Alf that was the only link that worked for me. 
and I haven't used the link from google yet, I'm letting sleeping dogs lie.


----------



## SketchUp Guru

I'd give that rocker a try but I'd need more information that I can get from that little picture. If he wants me to draw it in SketchUp I'll need dimensions. Maybe he'd like to send me his plans. 

His challenge is pretty much worthless if he's asking his chair to be duplicated in SketchUp without providing the dimensions. I could give him a list of things to draw in his CAD program that he couldn't come close to completing unless I also provided him with the dimensions. :roll: 

None of that makes SketchUp unsuited to use by woodworkers as he seems to insinuate.

DW--I'm glad you got your download troubles straightened out.


----------



## devonwoody

Dave R
I'll ask Rocker to email you with his email address,(Rocker is an aquaintance of mine so I have his private address.)
or vicer verser.


----------



## Steve Maskery

Shady":2f3dol2h said:


> I reckon Steve could generate that rocker in about 10 minutes, if his 'insti-router' is any indication...



I wish!

Actually a rocker is on my wish list. My wife bought a garden steamer chair cheap at the end of last summer, with a view to having that in the garden, and a "proper" one made in ash for the lounge. But having used it, she reckons a rocker (our original plan) was the better option.

I've always liked Sam Maloof's chairs, though some are starting to look a bit dated now, and with the picture of the Australian one (Mr Dundas, I believe) and the guy who designed Chris's (whose name excapes me - Hal somebody?) I reckon I could come up with a pretty darned beautiful hybrid.

Getting it down on paper, however - now that is a real challenge. Especially, as Dave points out, without dimensional information. I have made attempts in the past at making Maloof-style backsplats like in my dining chairs, but the surface blends eluded me. I might have another go, now that I'm a bit more experienced in Sketchup.

As for time, that router took pretty much all day, but the bedroom chair only took me about 3 hours, once I'd decided on the actual curves (which I did in AutoCad).

The trouble with SketchUp is that it is positively addictive.

Cheers
Steve


----------



## Nick W

The problem with the chair is that it has lots of lovely curves, at which SU is not very good. As has been said before SU is not a full CAD system, and much more aimed at fast ... erm ... well ... _sketching _really. This is not to say that the chair can't be done (if I were to make such a statment I would no doubt be embarassed in short time by DaveR producing the model), but that in this case another piece of software would probably be more suitable/efficient (as hinted at by Steve's statment about using ACAD for his curves).

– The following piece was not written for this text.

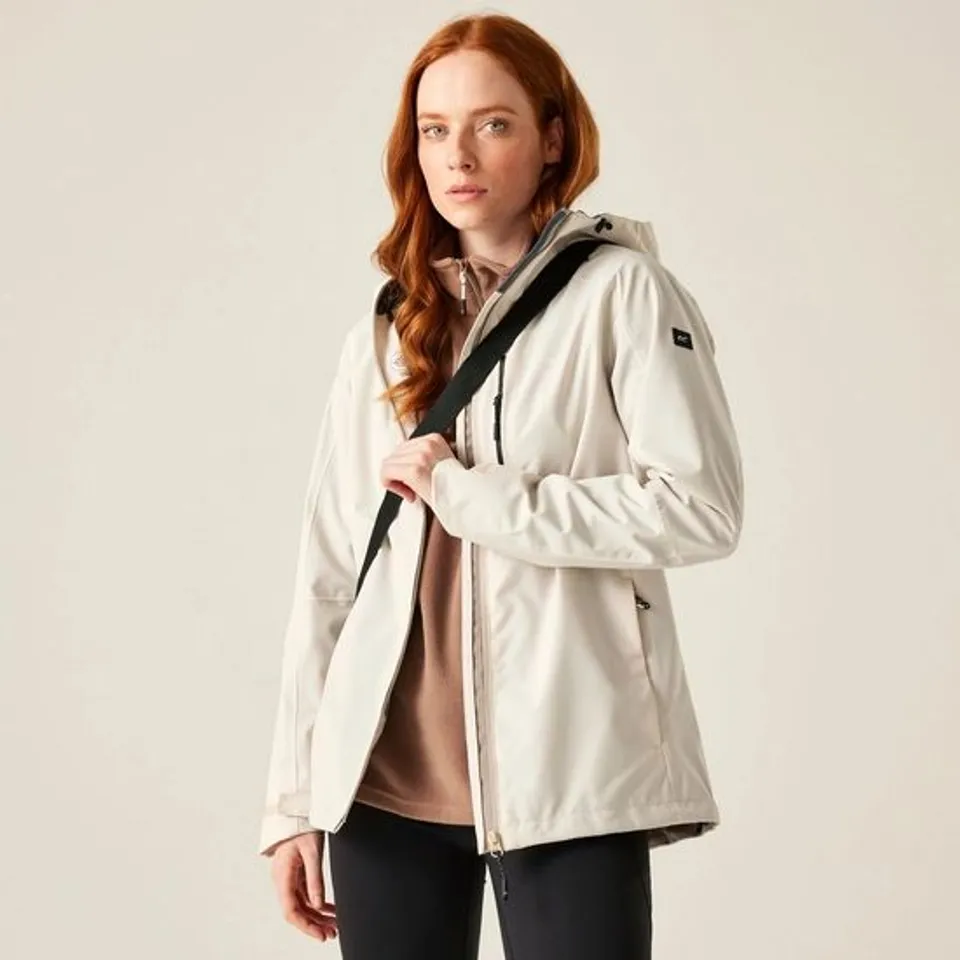 BRAND NEW REGATTA WOMEN'S BIRCHDALE II WATERPROOF JACKET IN PERFECTLY PALE - UK 8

But neither does it negate the fact that for the vast majority of the sort of work we do SU is one of the fastest and best tools to use.

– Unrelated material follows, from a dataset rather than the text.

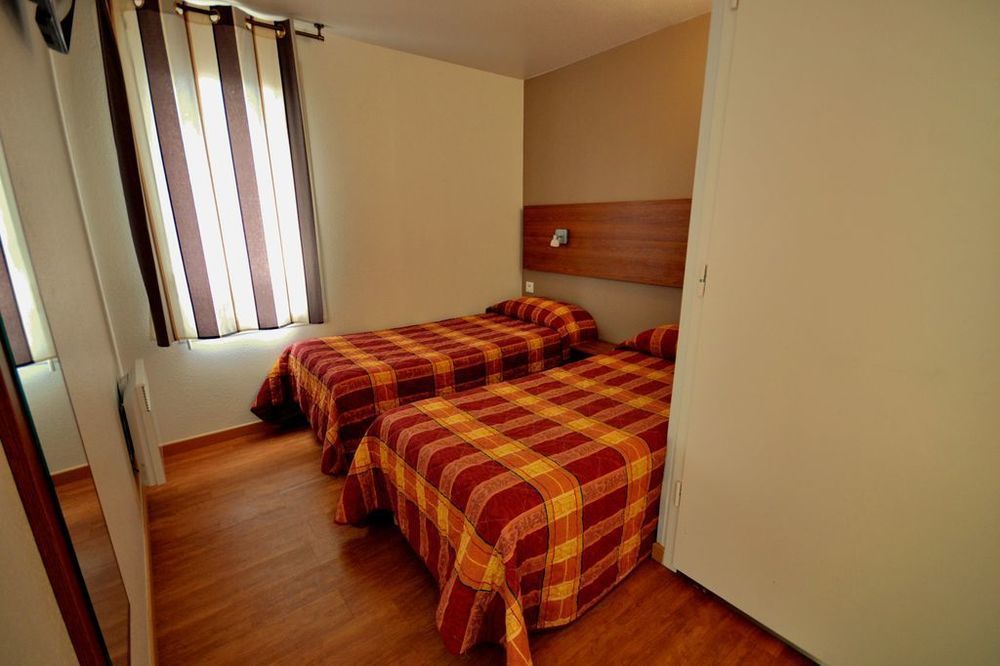 Fasthotel Tours Sud Chambray-lès-Tours Esterno foto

So, assuming that while I've been writing this, Dave has posted the model, how long _did _it take Dave? :lol:


----------



## SketchUp Guru

Nick, sorry to disappoint but I've actually been working on a model for work instead. 

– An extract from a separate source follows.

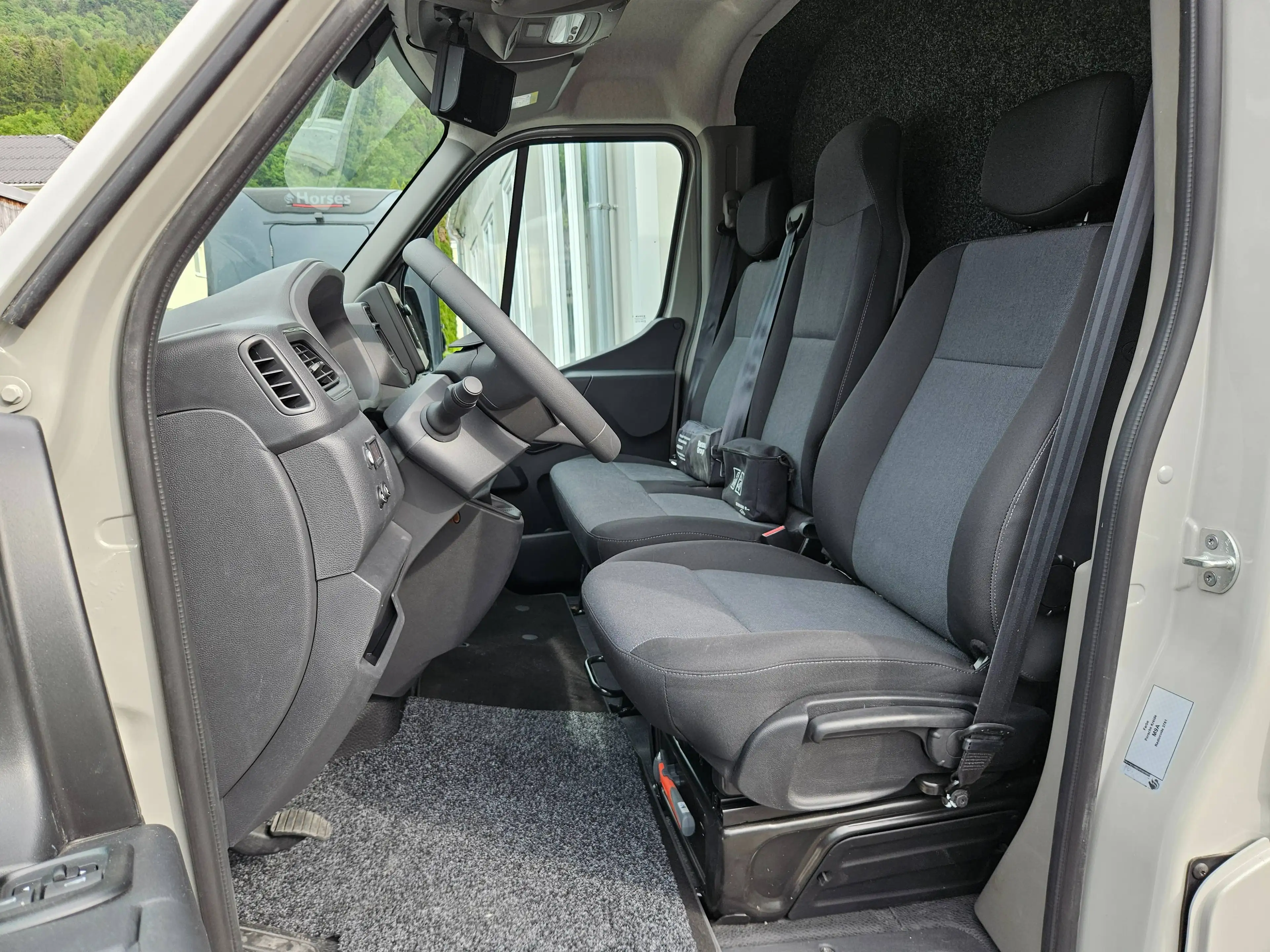 Renault Master Pferdetransporter "Sodiak" — photo 6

I do have some ideas about how to draw the rockers and the seat of that rocking chair but I won't bother to try drawing his chair unless the challenger supplies the dimensions.

In the meantime, take a look at this and then tell me that SketchUp doesn't do curves.


----------



## Steve Maskery

Dave that's fantastic! Can we please have a tutorial on it? No rush. Anytime in the next hour or so will do fine...
:lol: 
Cheers
Steve


----------



## SketchUp Guru

Steve, I don't have the files at work to give you a tutorial on that one. I actually cheated a bit and imported a 3D DXF file of the boat that was drawn in a hull design program. That said, I could have drawn the hull from scratch in SketchUp. Doing it as I did just saved a bit of time.

In this drawing of the pram I built as a cradle for my son (whose second birthday is today), I've made the hidden geometry visible so you can see the triangulation that is used to fill the faces. To draw a hull or something similar you just need to draw profiles at intervals down the length and then connect them. In the case of a boat those profiles are at "stations" and are basically cross sections of the hull at say every 12". the more stations and the more points along the profile you have, the smoother the curves appear. In the case of the sailing canoe there are many more points than on the pram. The pram is a hard chined boat though and the planks could be made of plywood. The canoe would be strip built and faired after strip planking is complete.






As far as the rest of the details on the canoe, it was rendered in Kerkythea witha single light source and no background. Actually pretty simple rendering.


----------